From this observation of daily life we might glean the following facts:

  • Some mothers are very organised and engaged in what they give their children for breakfast
  • Some households buy both orange and apple juice
  • Some mothers offer a choice of juice drinks for their children at breakfast time
  • Some mothers aren’t aware of how much juice has been consumed by the household

Being wrapped up in a scenario it is perhaps easier to consider the ramifications of these snippets of information. However often information is not gathered in a contextual way but comes from multiple sources.

For example

  • From a lifestyle survey we may establish the percentage of mothers concerned with what their children eat at breakfast
  • In loyalty card data we may find the number of households which purchase both apple and orange juice
  • In focus groups we may learn that mothers like to offer their children a choice of drink
  • Through a category usage and attitudes survey way may find that a proportion of main shoppers for a household don’t know how much orange juice they collectively consume

These are all facts in their own right but when put together they paint a picture that helps us to identify a potential problem, rather like the clues that a detective follows to catch his man.

This is the first step to developing an insight.

A next useful step is an attempt to condense this understanding into a simple statement.

In our example this may read:

“I am in the habit of giving my children a choice of fruit juice in the morning but I am not in the habit of making sure I have a variety in stock”

With the use of the word “but” the statement reveals a tension which pin points the heart of an unmet consumer need.

The final test we must put in place is to question the relevance and value that may be created in addressing the unmet need revealed by the insight.

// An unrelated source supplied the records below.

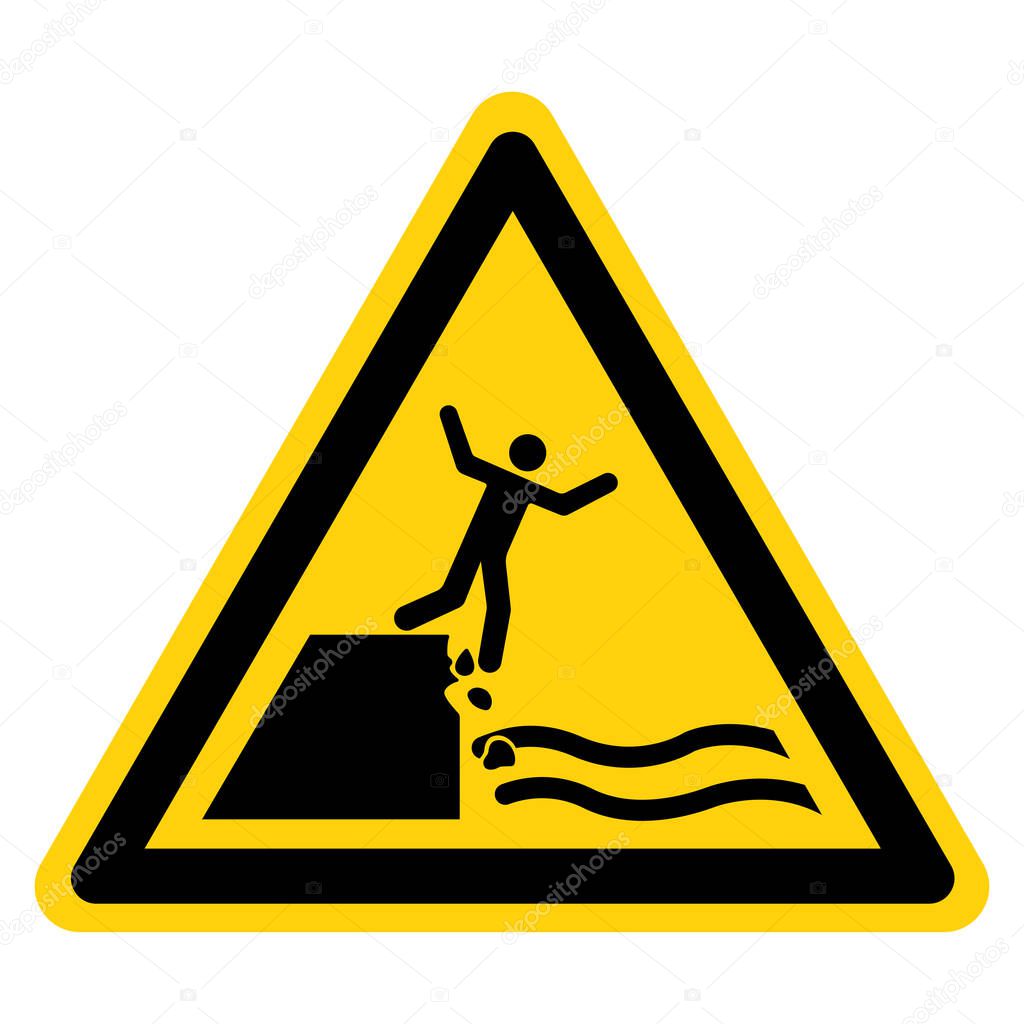 Warning Keep Out Unstable Cliff Symbol Sign, Vector Illustration, Isolate On White Background Label. EPS10 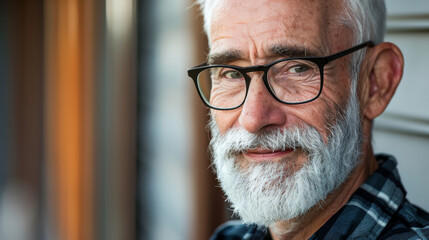 An elderly man with glasses and a white beard smiles softly outdoors, radiating wisdom and contentment in a serene setting.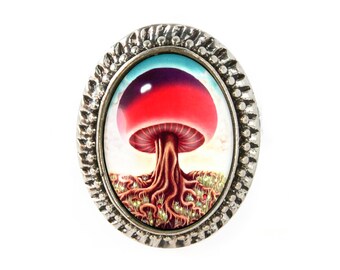Antike Silber Magie Pilz verstellbar psychedelischen Ring 227-SOR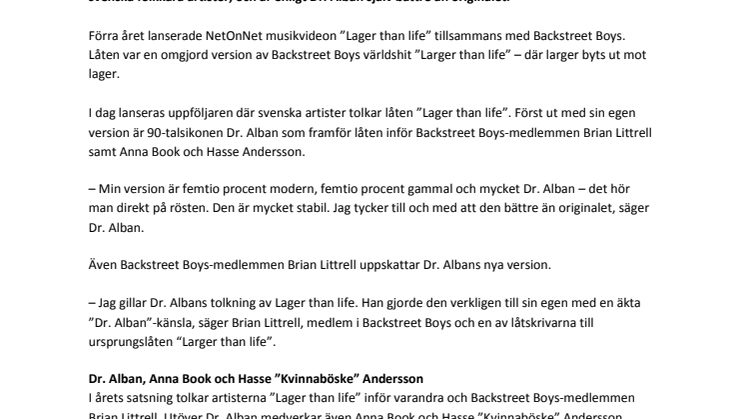 Svenska artister tolkar ”Lager than life” – Dr. Alban först ut med sin version 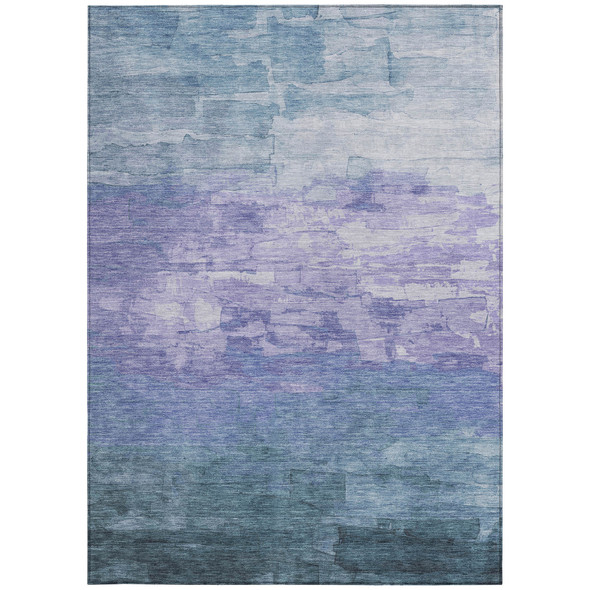 9' X 12' Denim Blue And Sky Blue Striped Washable Indoor Outdoor Area Rug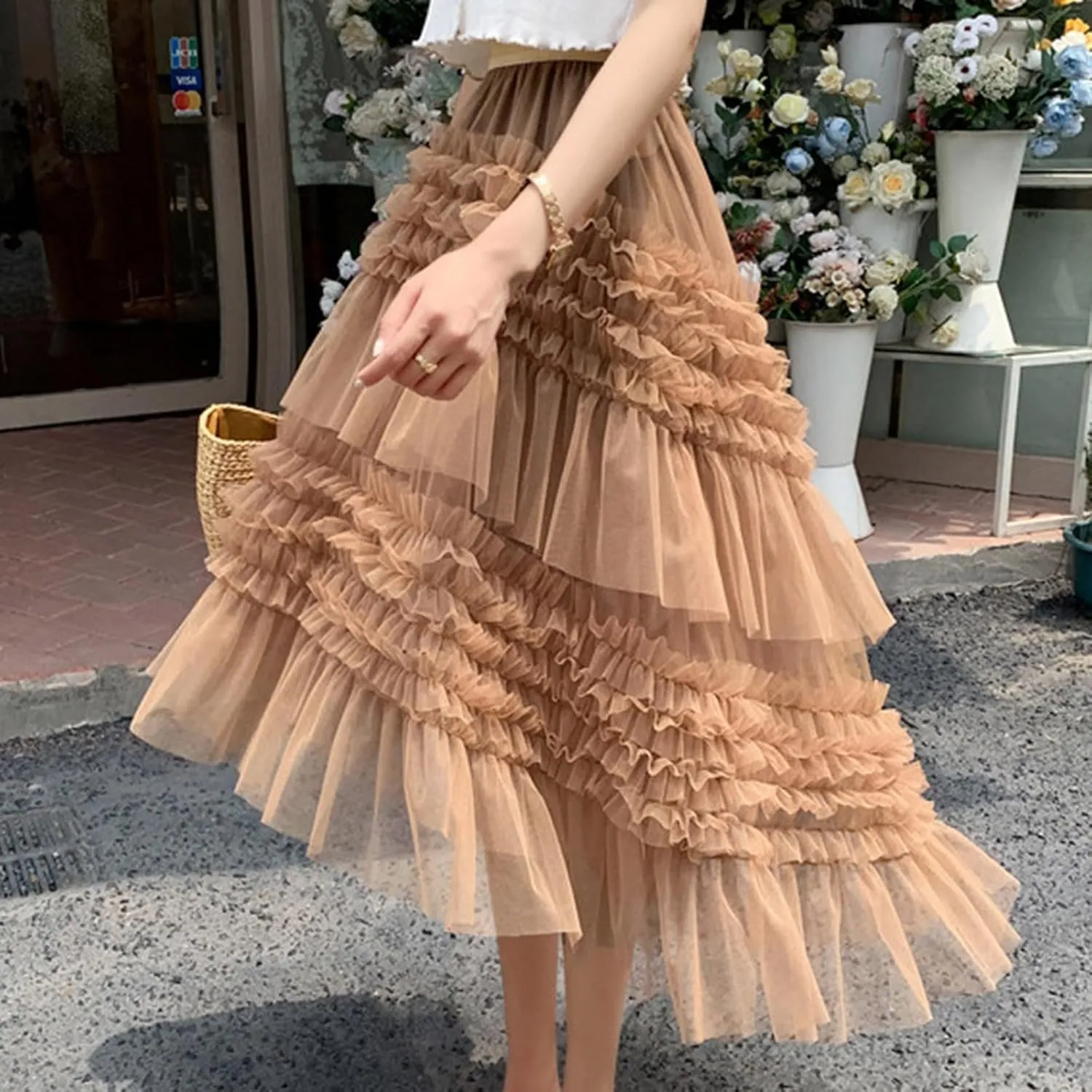 Women Tulle Skirts A-Line Fairy Skirt Asymmetrical Fluffy Skirt High Low Tutu Skirt Mesh Layered Skirts Flowy Skirt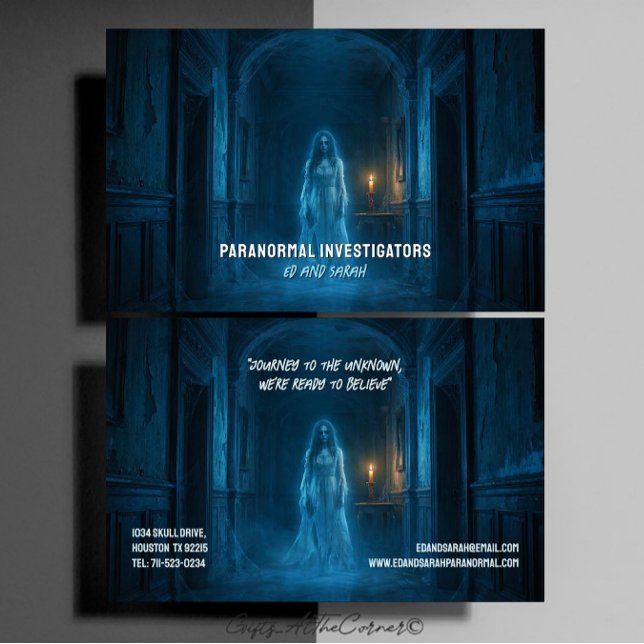 Paranormal Investigators Eerie Ghost Lady Haunted Business Card (Creator Uploaded)
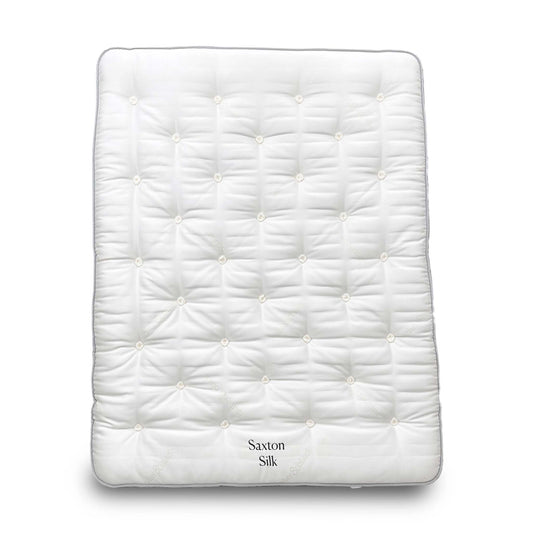 Full front view of the luxurious Harrison Spinks Saxton Silk King mattress featuring 24,750 pocket springs and Split Tension (Soft and Medium).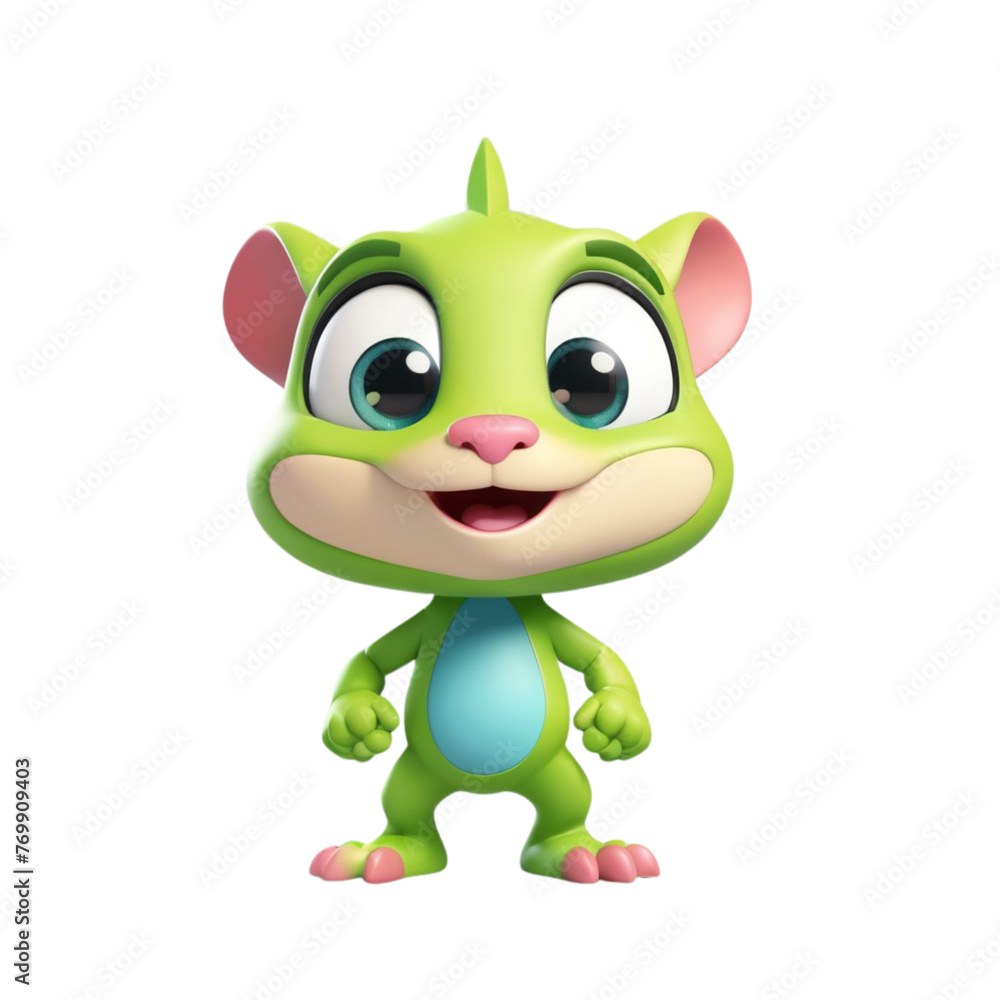 3d rendering of cartoon monster on Isolated transparent background png. generated with AI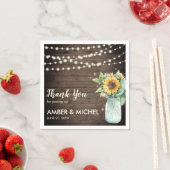 バ素朴ンウッドひまわりストリングラ結婚イト スタンダードカクテルナプキン (インサイチュ)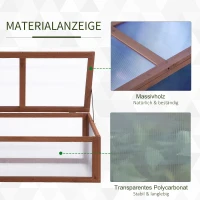 Outsunny Mini-kas, kleine kas voor de tuin, met polycarbonaatplaten, goede lichtdoorlatendheid, 100L x 65B x 40H cm(m-5)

So, we might ask ourselves

  1. What would have happened if the first child had chosen orange as well?
  2. A mini drama about orange juice?

This allows us to truly understand if we are solving a problem that needs to be solved and furthermore gives us a “reason to believe” that can be used in marketing communications in order to promote the USP that we are developing.

In response to our insight we may choose to change the packaging of the juice so there is a transparent window or gauge to tell mum how much juice there is left in the carton and prompt replenishment.

Additionally, we may adopt in-store marketing activity to encourage mum to pick up another carton by prompting the question “Got enough juice for breakfast?”

For the brand taking these actions the commercial implications may well lead to increased purchase frequency and greater sales.

For a research agency commissioned to conduct a study the task of delivering insight can be difficult as it is seldom exposed to previously collected information with which to contextualise the information it is charged with gathering. Furthermore, without a knowledge of how an insight is to be used it is difficult to evaluate how valuable and relevant the information being gathered will be.

As a shopper marketing agency we often find ourselves in the position of being presented with multiple research studies by our clients with a view to finding the insights which will help to shape a campaign. This puts us in an enviable position, with access to all the gathered information, a purpose to which an insight is to be applied and the means to realise a solution based on these new-found understandings, we are able to put the information that has been gathered to work and generate a return on all that research endeavour.